WASHINGTON, Dec. 22, 2010 /PRNewswire-USNewswire/ -- Christopher Hoene, Director of Research and Innovation at the National League of Cities (NLC) refutes a 60 Minutes' report that portrays the municipal sector as increasingly insolvent going into 2011.
"'Tis the season of white elephant gifts, a popular holiday game where participants exchange gifts whose value exceeds their usefulness. Unfortunately it is also the season of Wall Street analysts crying wolf about the municipal bond market – warning of white elephant projects and near-bankruptcy state and local governments.

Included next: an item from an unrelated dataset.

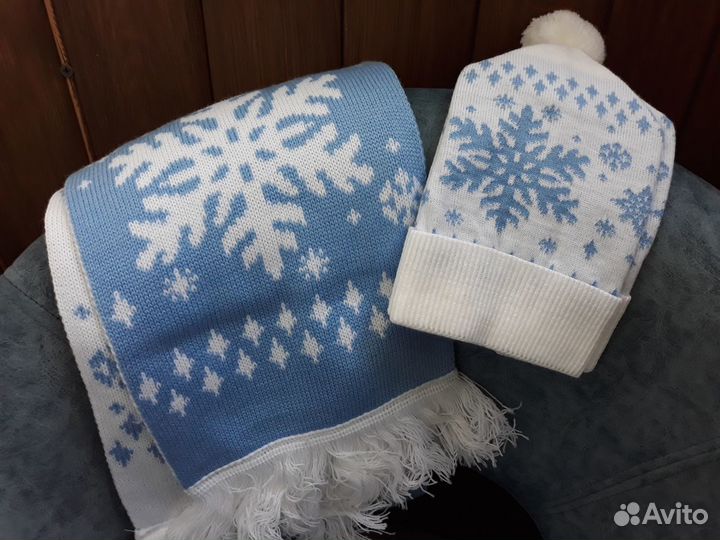 Шапки, шарфы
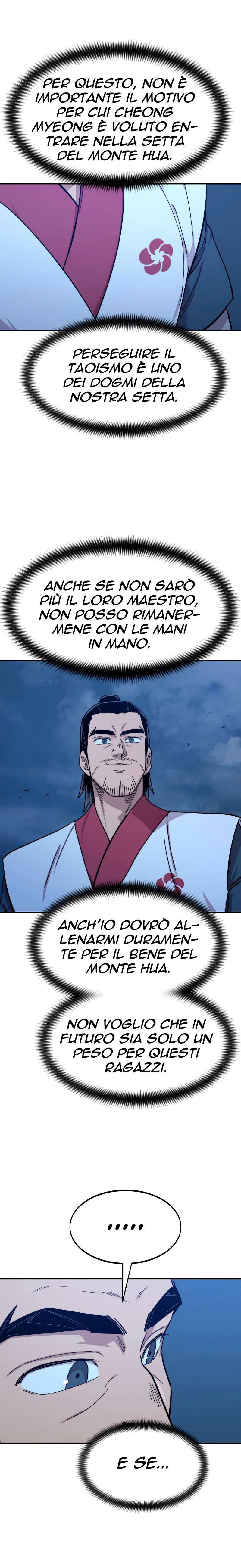 Read Return of the Mount Hua Sect IT Manga Online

"Wall Street analyst Meredith Whitney leads the way, saying most recently on CBS' 60 Minutes that, 'There's not a doubt in my mind that you will see a spate of municipal bond defaults...You could see 50 sizeable defaults. 50 to 100 sizeable defaults. More.' So, which is it Ms. Whitney? 50? 100? More? One wonders if the interview had gone longer just how many municipal defaults she might have predicted.

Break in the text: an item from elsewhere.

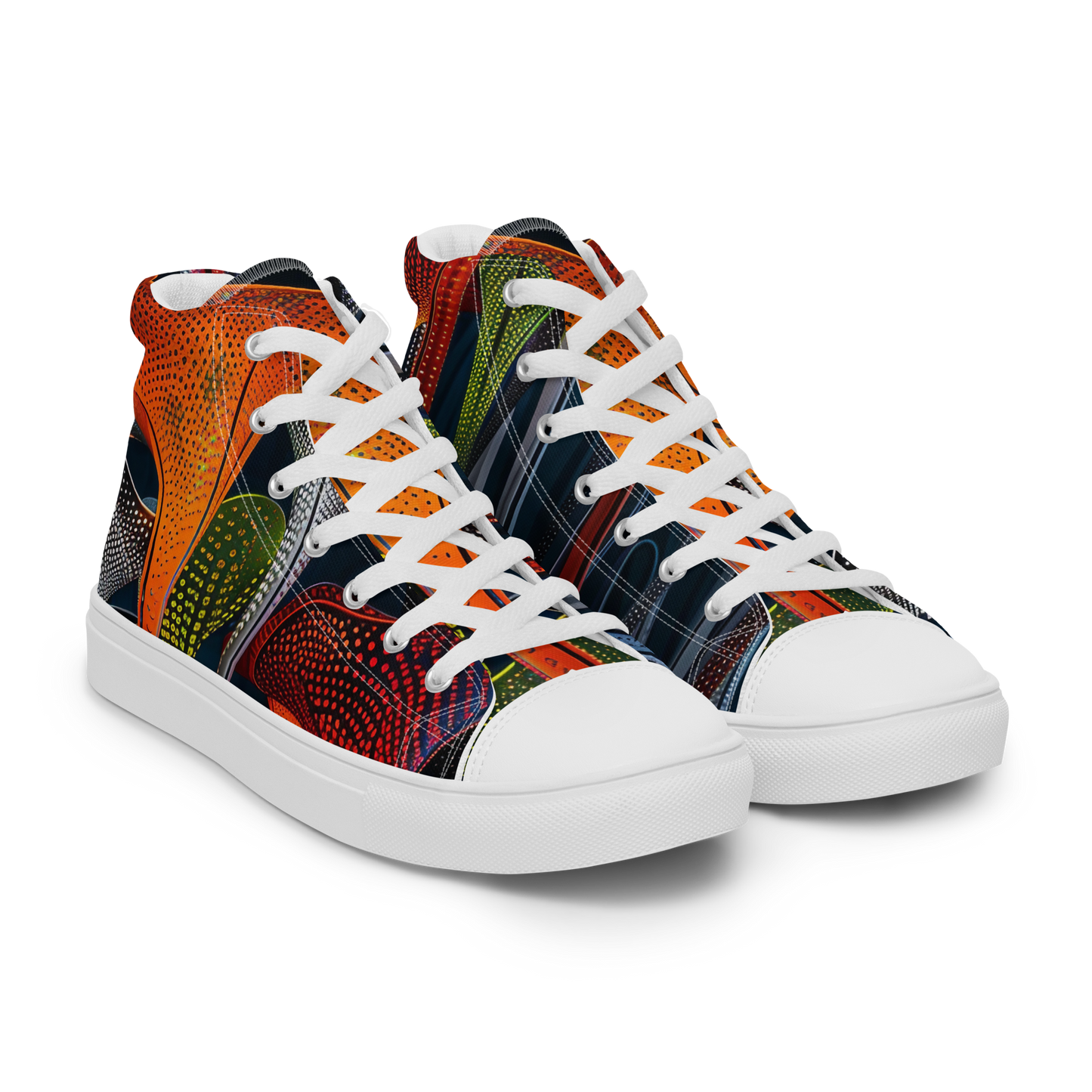 Men’s High Top Canvas Shoes Pontius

"The overwhelming majority of local and state governments are balancing their budgets and meeting their debt obligations. The careless statements of Ms. Whitney and the sky-is-falling media coverage are painting an inaccurate and misleading picture of the municipal sector.

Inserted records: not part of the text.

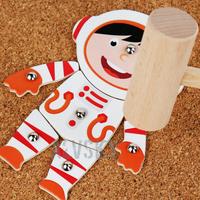 Gambar MAINAN EDUKASI ANAK CREATIVE NAIL TOYS / MAINAN ANAK PUKUL PAKU - SPAC - SPACE dari ALVSKY undefined 4 Tokopedia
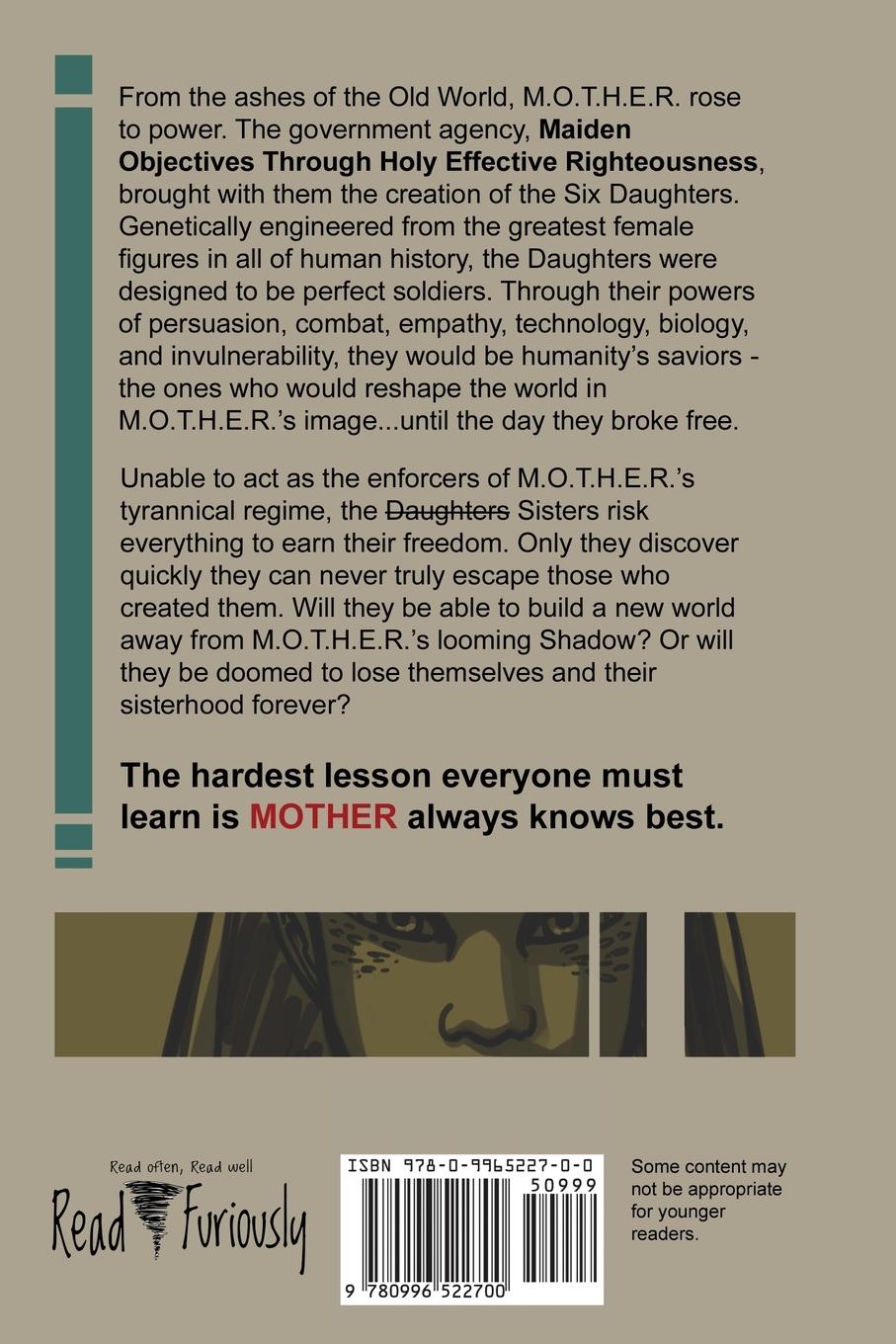 Rückseitencover The MOTHER Principle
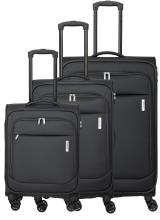 Travelite Priego Trolley L/M/S Kofferset Anthracite - Grau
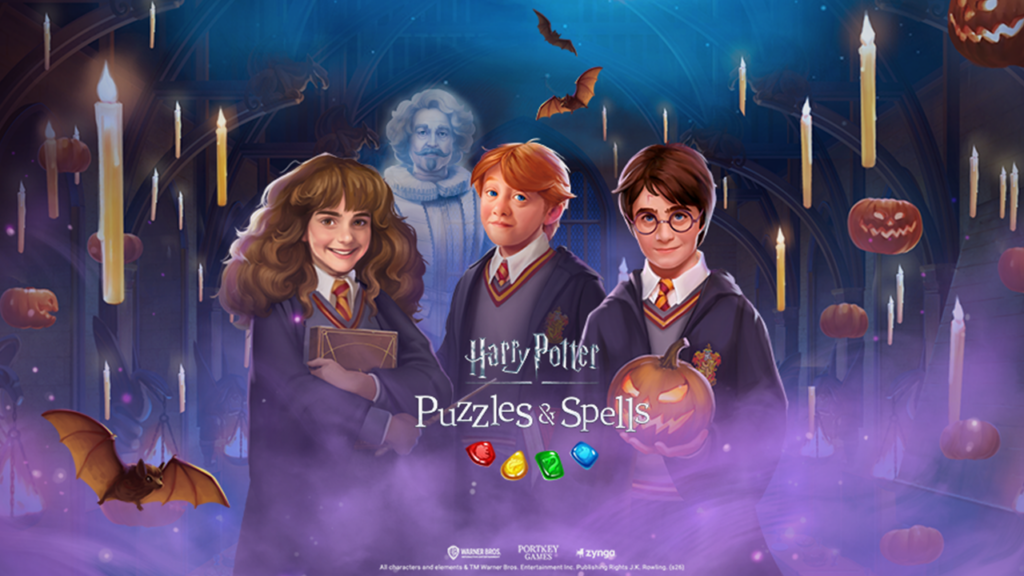 The Marauder’s Map Comes to Harry Potter: Puzzles & Spells for Halloween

"The municipal bond market remains strong for a variety of reasons: Local and State debt levels are low; borrowing is longer-term and predictable; local and state governments have balanced budget requirements; rules require preemptive steps to prevent defaults.
"Sky-is-falling reports about the municipal bond market are a distraction from a much more common and economically significant story about cuts in other arenas – cuts in services that impact the quality of life in communities; job losses in the public sector; cuts in pension and health care benefits for employees and retirees as local and state governments seek to rein in liabilities.
"Declining revenues have many local governments canceling or delaying infrastructure projects. Local and state governments comprise three quarters of U.S. infrastructure spending and debt financing has been the primary mechanism for funding the nation's system of public works.
"At a time when the country needs these jobs-producing projects more than ever, why are we wasting time focusing on the potential for a few, idiosyncratic municipal defaults?"
The National League of Cities is the nation's oldest and largest organization devoted to strengthening and promoting cities as centers of opportunity, leadership and governance. NLC is a resource and advocate for 19,000 cities, towns and villages, representing more than 218 million Americans.